Toward the end of a Capitol Hill press conference yesterday, a reporter asked House Speaker Paul Ryan (R-Wis.) a rather simple question. From the transcript:
Q: Do you think that the administration has been tough enough on Russia?RYAN: Oh, yeah.... We have moved miles in the right direction on our Russia policy.... We have so improved our policy with respect to Russia, far more hawkish, far more realistic.
Perhaps the House Speaker hasn't been paying close enough attention to Donald Trump's latest moves on Russia.
Indeed, Ryan's timing could've been better. Shortly before he praised the administration's toughness on Russia, the president changed his mind -- and embarrassed U.S. Ambassador Nikki Haley -- about imposing new sanctions on Russia over its support for the Assad regime in Syria and assuring officials in Moscow they had nothing to worry about. That's not what a hawkish, tough-on-Russia president would do.

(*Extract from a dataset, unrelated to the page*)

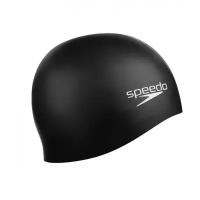 Шапочка для плавания детская SPEEDO Plain Flat Silicone Cap 8-709900001, силикон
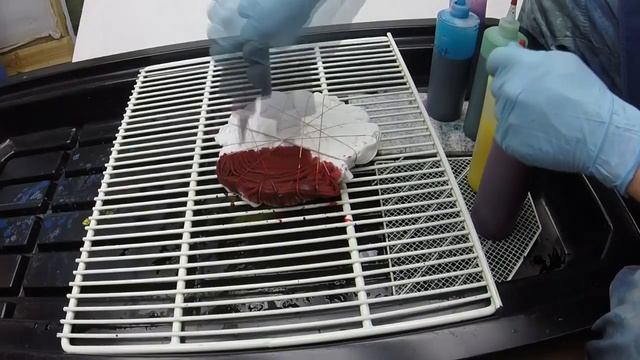 How To Do..? - Tie-dye / Как сделать..? - Футболку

This news came just days after we learned Trump threw a profanity-laced tantrum when he thought his administration's expulsion of Russian diplomats might make it look like we were being harsher toward Putin's government than Europe. That's not what a hawkish, tough-on-Russia president would do, either.
There was also a report today in the New York Times about Trump yelling angrily at his television when he recently saw Nikki Haley "criticizing Russia over its intervention in Ukraine." That's not what a hawkish, tough-on-Russia president would do, either.

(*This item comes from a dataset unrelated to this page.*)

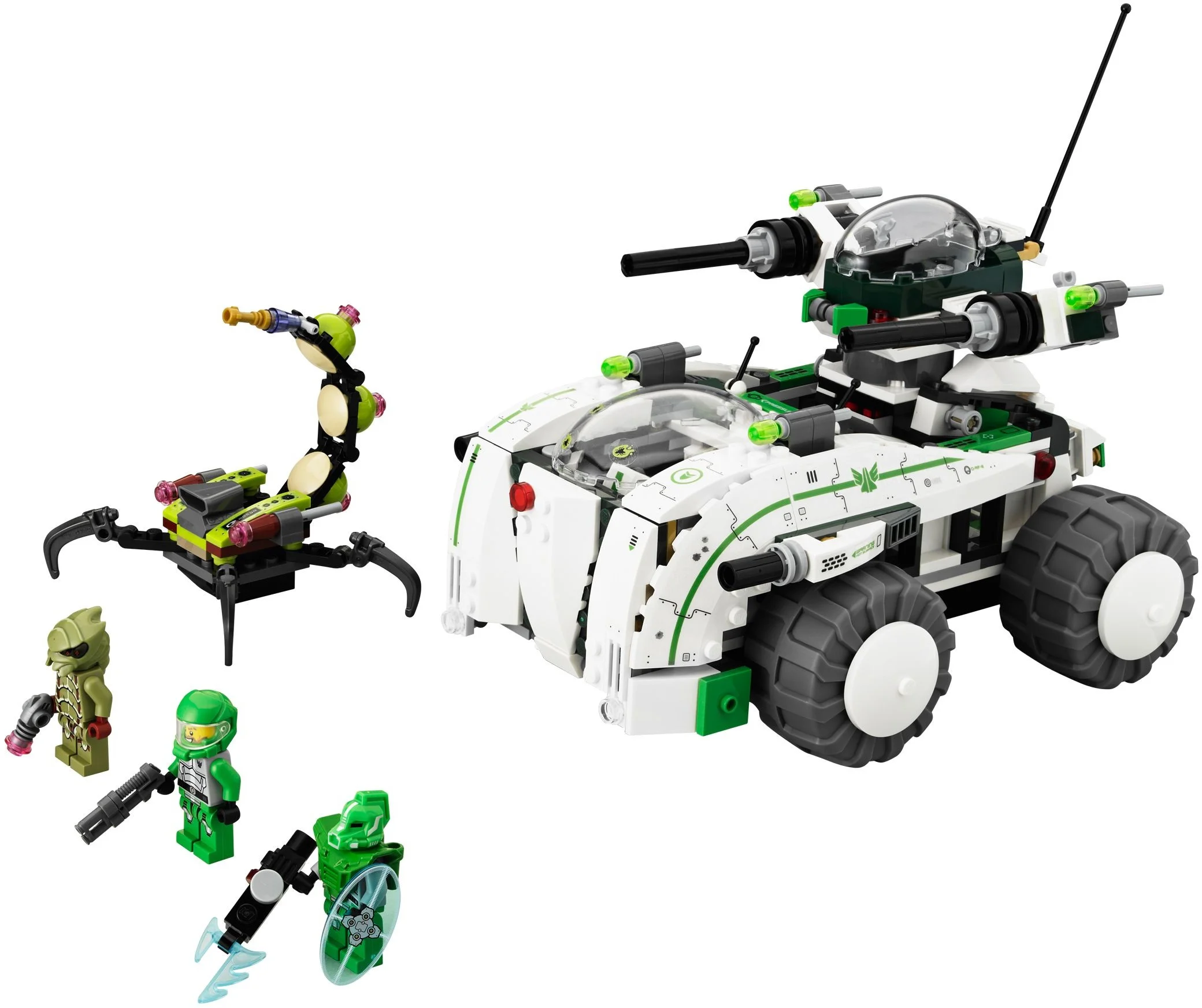 LEGO® 70704 Vermin Vaporizer - zdjęcie 7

All of this comes less than a month after Trump congratulated Russian President Vladimir Putin in the wake of his sham election, despite being handed briefing materials that said, in all-capital letters, "DO NOT CONGRATULATE." That's also not what a hawkish, tough-on-Russia president would do.
There's a deeply strange conversation underway, in which Trump, Paul Ryan, Sarah Huckabee Sanders, and their allies insist that this White House has been impressive in its "toughness" toward Moscow. "Nobody has been tougher on Russia than I have," the president recently said about himself.
And as part of that same conversation, we're confronted with voluminous evidence that points in the exact opposite direction.
In fact, more often than not, the Republican president tends to act as if he's terrified of Russia, to the point that many routinely ask what Putin's government may have over Trump to make him appear so intimidated.
Almost immediately after H.R. McMaster delivered blistering remarks against Russia, for example, Trump fired him. After Congress approved sanctions on Russia, Trump dragged his feet on implementing the policy.
And as regular readers know, that's just scratching the surface. The data points are almost overwhelming: when the Russian government moved against U.S. diplomats, Trump thanked Putin. When Congress approved sanctions against Russia, Trump blamed American lawmakers, not Putin, for undermining relations between the two countries.
Trump has repeatedly and publicly praised Putin’s authoritarian leadership style. Trump’s political operation weakened the Republican Party’s platform in ways that made Moscow happy. As president, Trump welcomed Russian officials in the Oval Office, at Putin’s request, and during their chat, the American president shared highly sensitive, classified information with his Russian guests in exchange for nothing.
All of which makes me wonder if maybe Republicans have some new definition of "tough" they haven't yet shared with the public.